Data extracted from a collection:

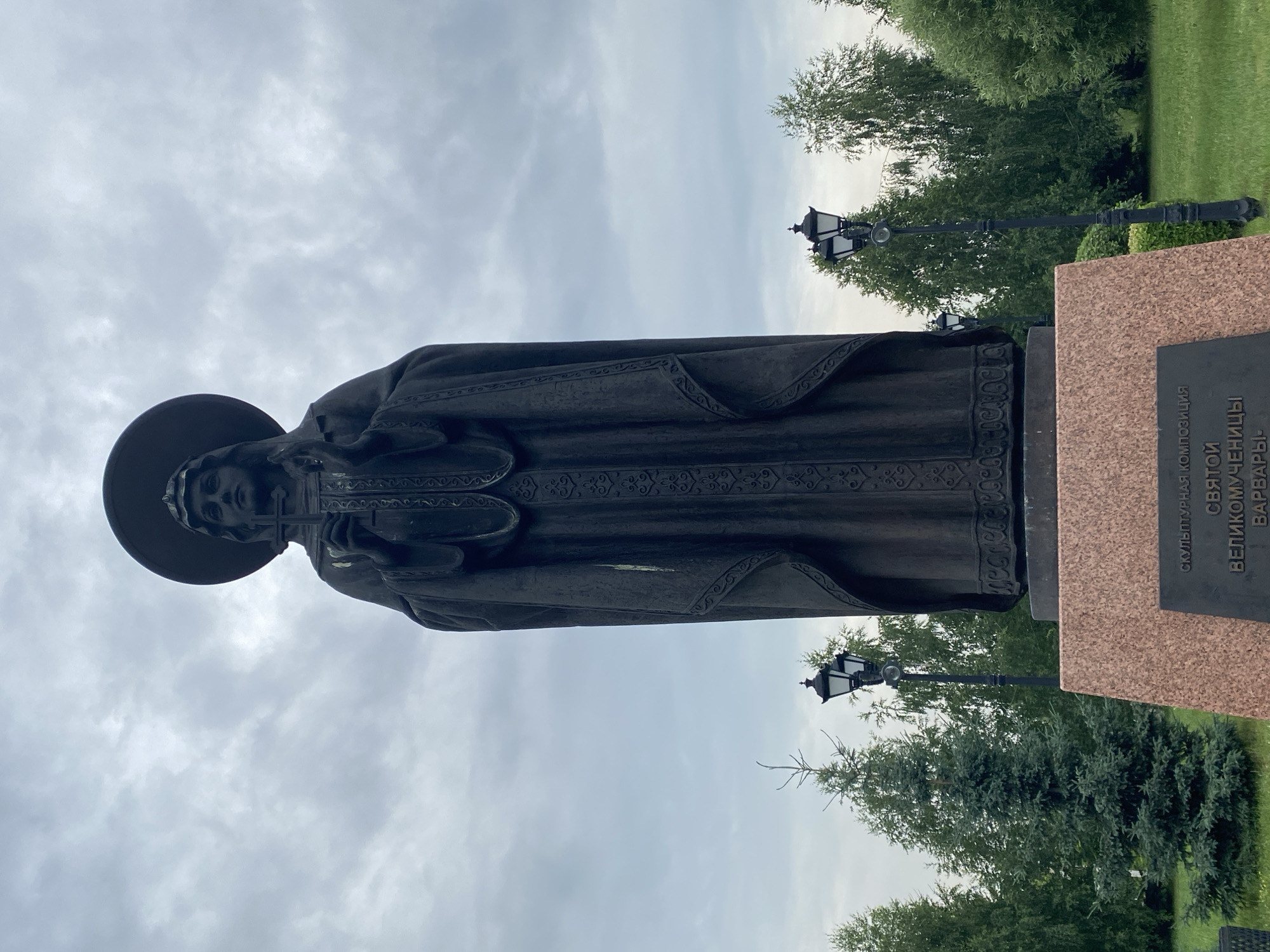 The image shows a dark bronze statue of a woman in a religious robe, holding a cross. She has a halo around her head. The statue is on a pinkish-brown granite pedestal, which has an inscription in Russian. The inscription reads "СКУЛЬПТУРНАЯ КОМПОЗИЦИЯ СВЯТОЙ ВЕЛИКОМУЧЕНИЦЫ ВАРВАРЫ" which translates to "SCULPTURAL COMPOSITION OF SAINT THE GREAT MARTYR BARBARA". The statue is located in a park-like setting with green grass, trees, and two ornate black lampposts. The sky is overcast. This statue is located in Novokuznetsk, Russia, in the Park of the Victory.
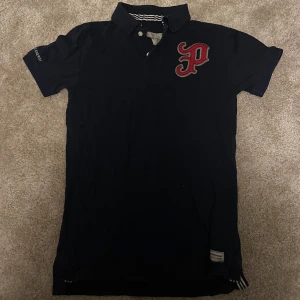 Svart pikétröja från Peak Performance - Klassisk svart pikétröja från Peak Performance med röd broderad P-logga på bröstet och krage med knappar.  Använd fåtal gånger.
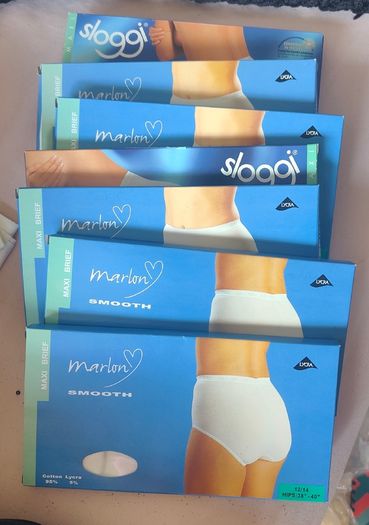 7 packs of Sloggi maxi briefs size 12/14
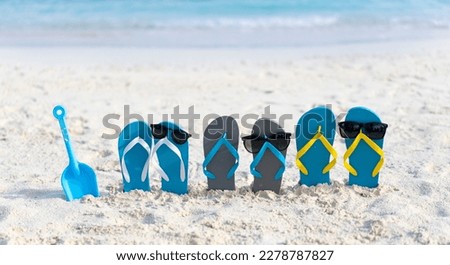 Three pairs of flip flops in sunglasses on the beach on the background of ocean in the Maldives. Family beach holiday concept.  Royalty-Free Stock Photo #2278787827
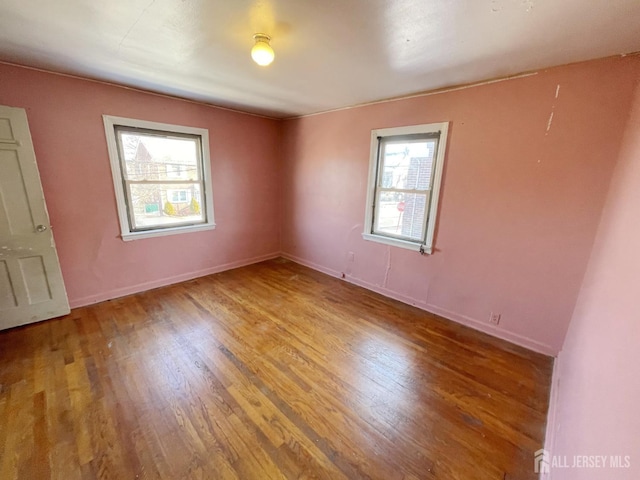 170 Rutgers St, New Brunswick, NJ 08901 - spare room featuring wood finished floors and baseboards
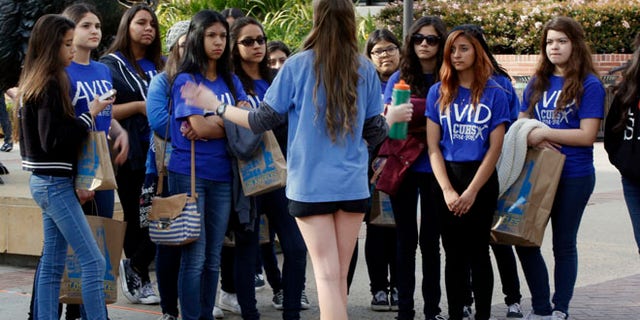 Feb. 26, 2015: UCLA campus tour guide Samantha St. Germain, a bioengineering student, middle, leads prospective college-bound high school seniors on a campus tour in Los Angeles.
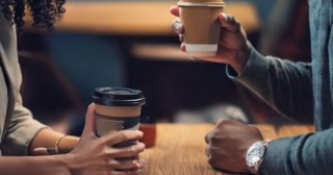 Firefly create a realistic image of a professional creative coaching a client; African American, fem Small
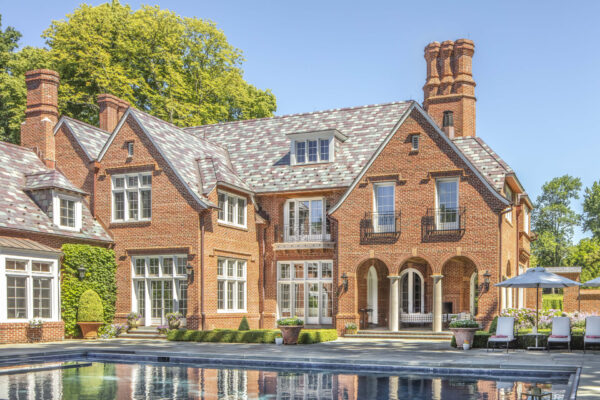 A large, elegant brick mansion with a slate roof and multiple chimneys sits in front of a swimming pool. The house features arched windows and balconies, surrounded by greenery and trees. Poolside chairs with umbrellas are arranged on the stone patio under a clear blue sky.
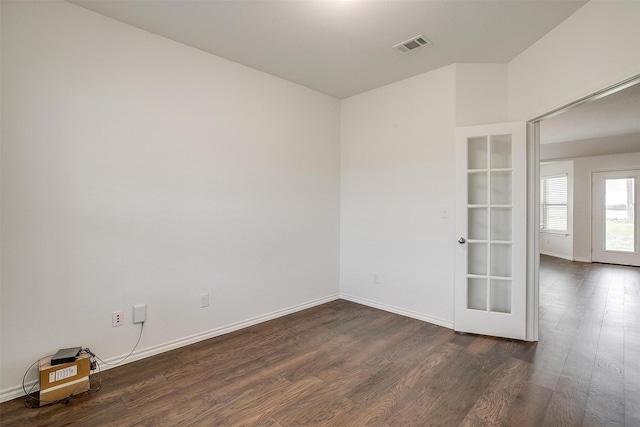 empty room featuring dark wood finished floors, baseboards, and visible vents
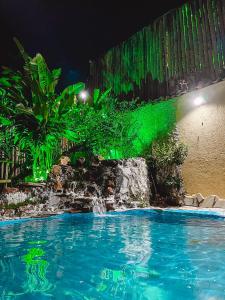 una piscina por la noche con luz verde en Pousada Casinha Velha, en Macacos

Task description: Leave out the pictures and restate, word for word, the lines from the top of the data through the line containing "7 packs of Sloggi maxi briefs size 12/14", both included.

Output of the exercise:
 The image shows a dark bronze statue of a woman in a religious robe, holding a cross. She has a halo around her head. The statue is on a pinkish-brown granite pedestal, which has an inscription in Russian. The inscription reads "СКУЛЬПТУРНАЯ КОМПОЗИЦИЯ СВЯТОЙ ВЕЛИКОМУЧЕНИЦЫ ВАРВАРЫ" which translates to "SCULPTURAL COMPOSITION OF SAINT THE GREAT MARTYR BARBARA". The statue is located in a park-like setting with green grass, trees, and two ornate black lampposts. The sky is overcast. This statue is located in Novokuznetsk, Russia, in the Park of the Victory.
 Svart pikétröja från Peak Performance - Klassisk svart pikétröja från Peak Performance med röd broderad P-logga på bröstet och krage med knappar.  Använd fåtal gånger.
 7 packs of Sloggi maxi briefs size 12/14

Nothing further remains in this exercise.